Thirty-five years ago, at the age of thirty-three, my symptoms of heart failure were severe enough to send me to the local hospital for a day in the intensive care unit and a couple more days of observation. As a substitute for a vacation or a few days off, I do not recommend the experience. The challenge of it arose, not so much from the repeated punctures and the shaving of my hairy chest for the required tests, nor the problem of trying to rest when one is awakened every hour by a nurse, but mostly from the anxiety and uncertainty about what would become of my wife and two small children if their breadwinner would lose his job and his life. I was then a minister serving a small but growing church. There was plenty to think about at the time.
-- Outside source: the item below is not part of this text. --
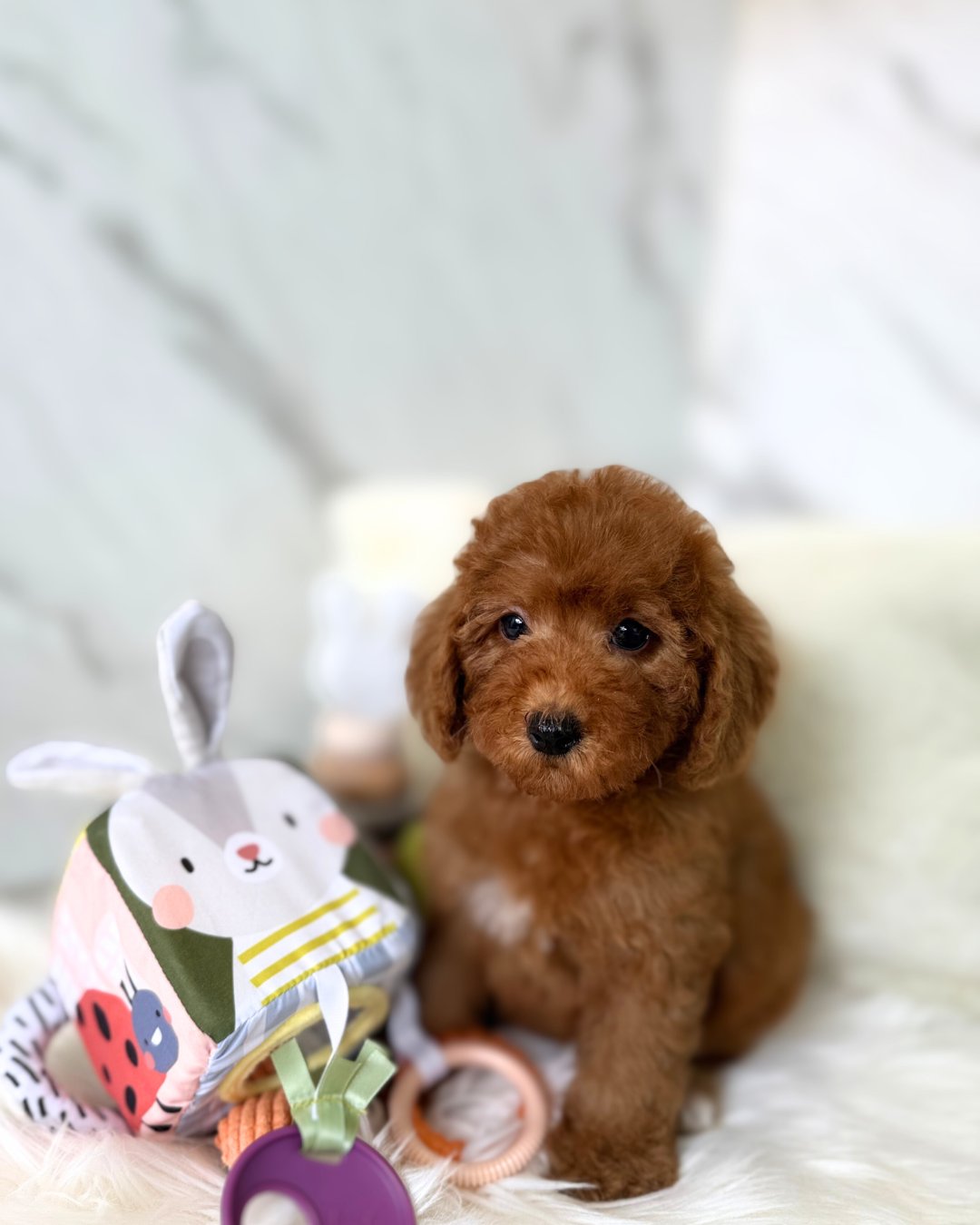 RINA: RED TOY POODLE 🇸🇬 (FEMALE)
While I was in the hospital a fellow minister came to call. This was my first and only time to be visited by a minister while I was in a hospital. For three previous surgeries I was mostly unconscious and did not “have” a minister nearby. I had many experiences of visiting people in hospitals by that time, but none of being visited. He was, shall we say, a very traditional pastor. He had a routine that involved a greeting, a reading from the Psalms (He read Psalm 146 to me. I did not know why, and he did not wait for me to ask why he had chosen it. I just wondered afterward if there was some hidden message that he had for me.) When he finished the Psalm, he started to pray—for me, I think—though I did not remember afterward what he prayed, because I was still thinking about the Psalm. Then he said good-bye, and exited the room.
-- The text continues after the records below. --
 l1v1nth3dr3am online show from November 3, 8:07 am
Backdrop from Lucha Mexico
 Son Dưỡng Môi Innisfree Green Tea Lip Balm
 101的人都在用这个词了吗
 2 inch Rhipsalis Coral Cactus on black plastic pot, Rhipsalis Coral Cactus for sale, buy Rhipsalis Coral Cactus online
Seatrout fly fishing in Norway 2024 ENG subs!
There were a million things I wanted to talk about, but I decided then it would probably not be with him. His routine and the reasons for it were probably honed over his many years of experience, and he may have been trying to be very considerate of my needs for quiet, undisturbed by the emotions or exertions of conversation about my precarious situation. A month later, after I had returned to my daily schedule, I met him in the course of course of our common duties. We talked about nothing in particular, as if nothing had happened.